You watch a person in a bed in a place like this the way you might watch a newborn baby – carefully, occasionally checking, trusting but never fully sure they will keep breathing. Granny has her soft blankets. The drip stand pushed into a corner, not attached, makes a strange still-life ensemble with the baubles on a glittery branch for a Christmas tree and the wall clock and a string of lights and the top of the television. The wall clock says it is twenty-nine minutes past three.
The last really good conversation I had with my granny was in her own house. She poured the tea and said, ‘Oh Cristín, when I think of the time that I’ve wasted.’ I told her no, but she said yes. I thought of all the people in the world who exist because she did: my three aunts, my uncle and my mum; their fourteen children, and their children, another fifteen people. How incredible – thirty-four people, all directly descended from this woman’s womb. A waste of time? What did she mean? Was it advice? Was it to me? Do not waste your time, Cristín, is that what she was saying? It is not enough to produce all these people, there must be something more? Is that what she meant?
My granny sent a card to every one of those thirty-four people every birthday, every Christmas, and at Easter, never forgetting one, adding grandchildren and great-grandchildren, as they came along, to a calendar on the wall. And she sent cards to many more: her sisters and brothers, nieces and nephews, cousins, uncles, aunts. And now they are all coming back to her. The room in which she sleeps is lined with them, for Christmas, for her November birthday.
She is ninety-four, sighing in the bed, and I do not want to wake her. I want her to sleep, like a baby, to be comfortable, to feel no pain, to feel and know instead that she is loved.
Granny had more poems in her head than she ever wrote down. We talked about it that day – the difficulty of capturing the words before they are gone, of setting them down and hammering them into shape before they disappear, before the moment passes. She had more dress designs in her head than she ever sewed up. But she did make clothes, and lamps, and Solitaire boards. She wrote poems, verses, ditties. She thought about words and she played with them. She did crosswords and Sudokus and listened to the radio and read the paper and stayed in the world in a way that many people who live as long as she did do not.

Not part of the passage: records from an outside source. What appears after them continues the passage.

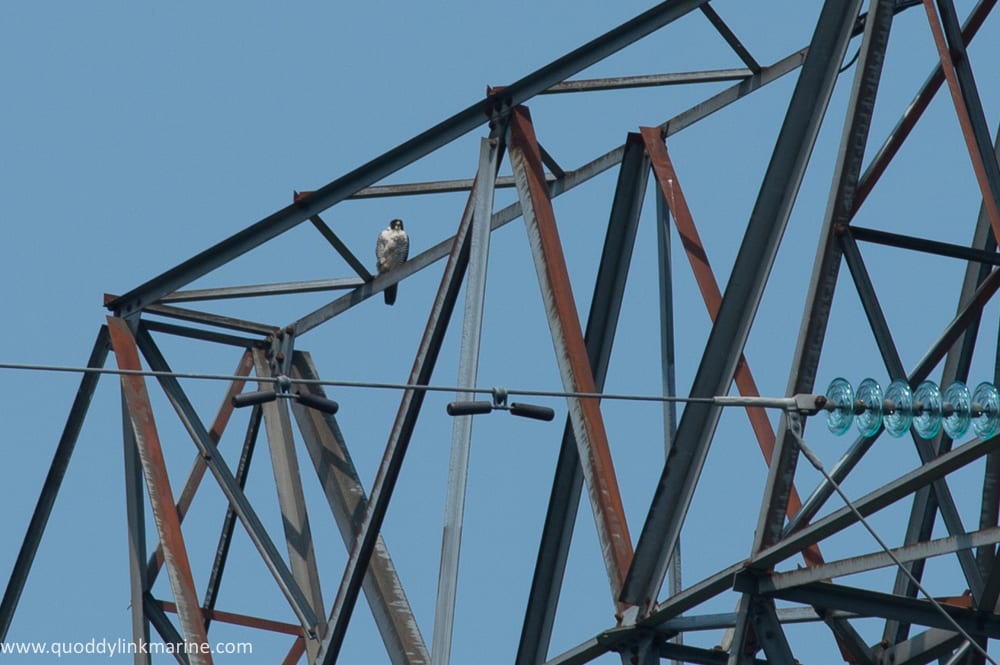Peregrine falcon on Macs tower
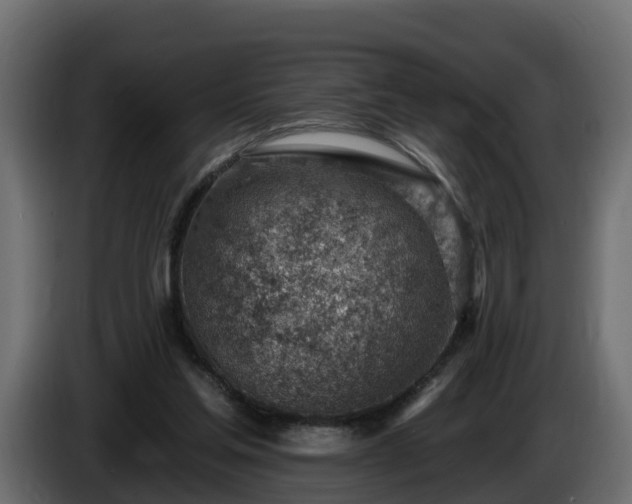 X0000085800205200703231337
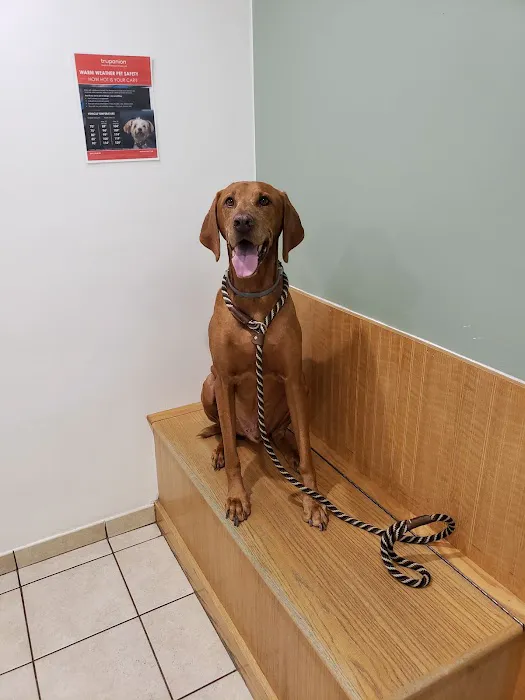 VCA Northboro Animal Hospital Picture 5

She embraced new means of communication with curiosity. I always got the best text messages from Granny. Her version of textspeak was super-abbreviated, sometimes to an extent that it required a cryptic-crossword mind to unravel what she meant –
U wr gr8 on tv. Lv u G.
She took up the iPad, she took up tins of paint, she took up carpentry tools, she took out her sewing machine, she extended skirts with panels of extra material, she took up sleeves, she wondered if a scarf could become a bolero jacket and she made it so. She found a plant she liked, she took a snippet or a seed and she planted it. She was full of creativity, and she shared it with us, passing on the things she had made, passing on clothes and cuttings of plants. Her gift was her ongoing presence in our lives.

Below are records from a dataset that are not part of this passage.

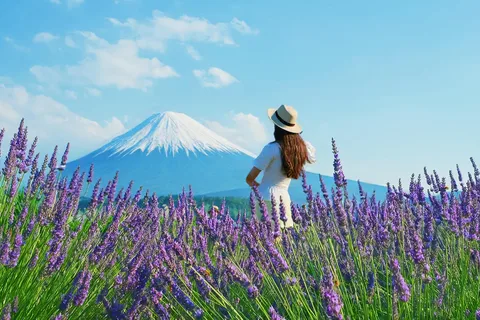 Tóquio: Excursão aos destaques do Fuji - 5.ª Estação e Lago Yamanaka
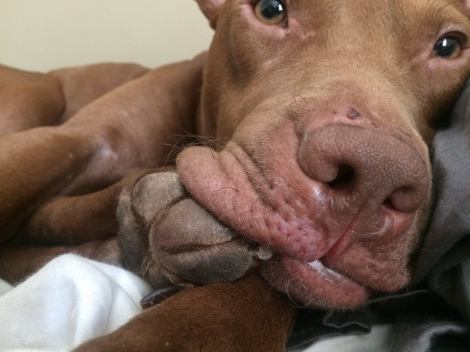 12657198_612619679823_6600812214625691150_o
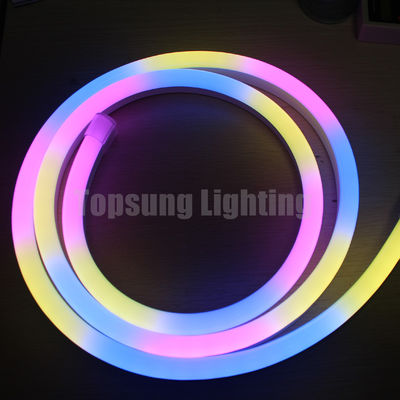 Bello colore RGB che cambia 24V digitale pieghevole LED neon flex luci striscia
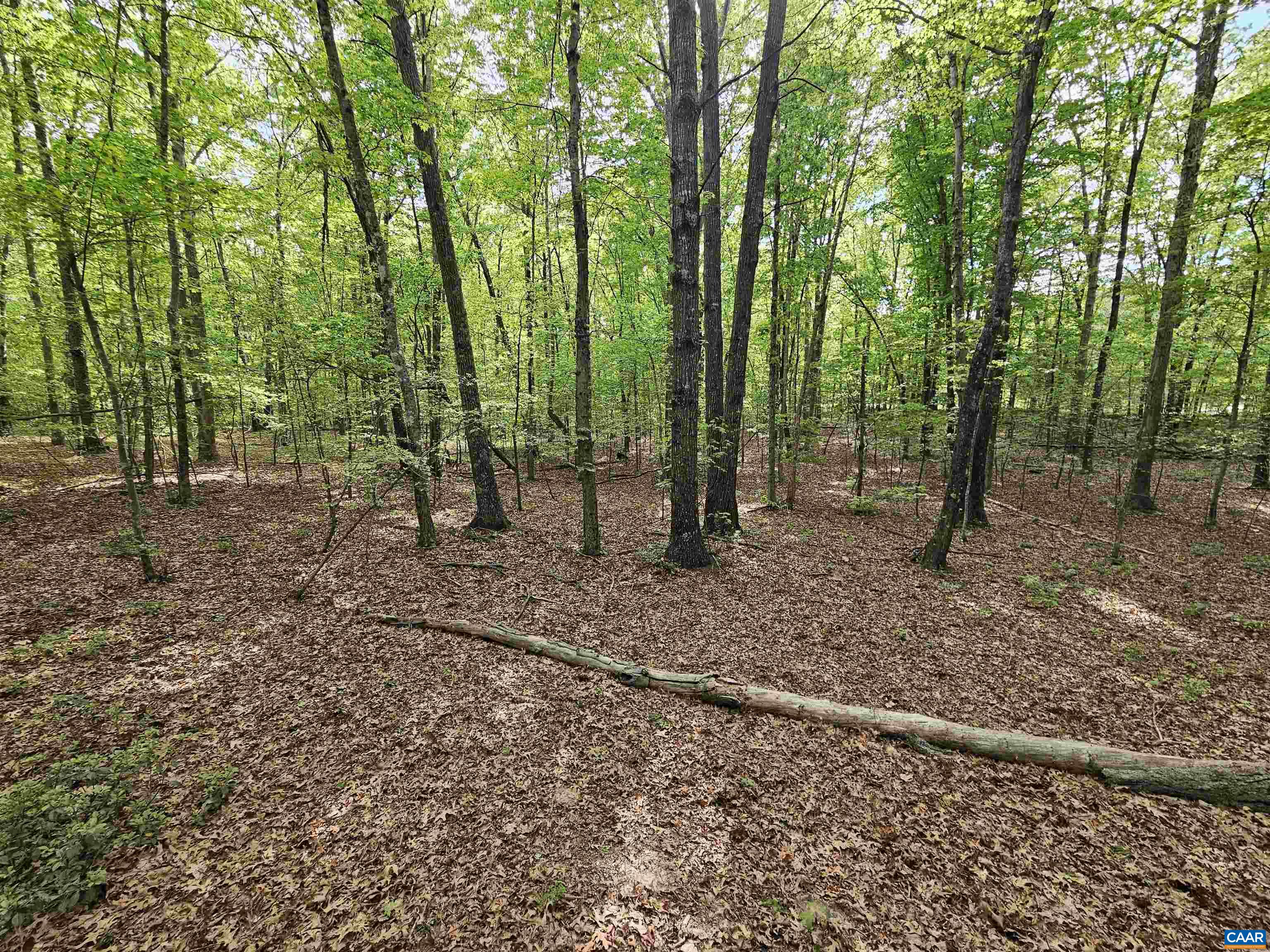 8.65 Ac POND RD, BUCKINGHAM, Virginia 23921, ,Land,8.65 Ac POND RD,676308 MLS # 676308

It is December 28th, 2016 and I am here for her, but for myself, too. It’s a privilege to sit while she sleeps. A privilege, too, to have known her, to have been born into this family of descendants of Bridget Clarke and John McAdam. What a privilege to share this heritage of curious looking and inquisitive thinking, this love of words and colours and pattern and form, this questioning mind. Granny has lived her ninety-four years. I am here for her and I am here for myself –
To say goodbye, I love you and sleep tight.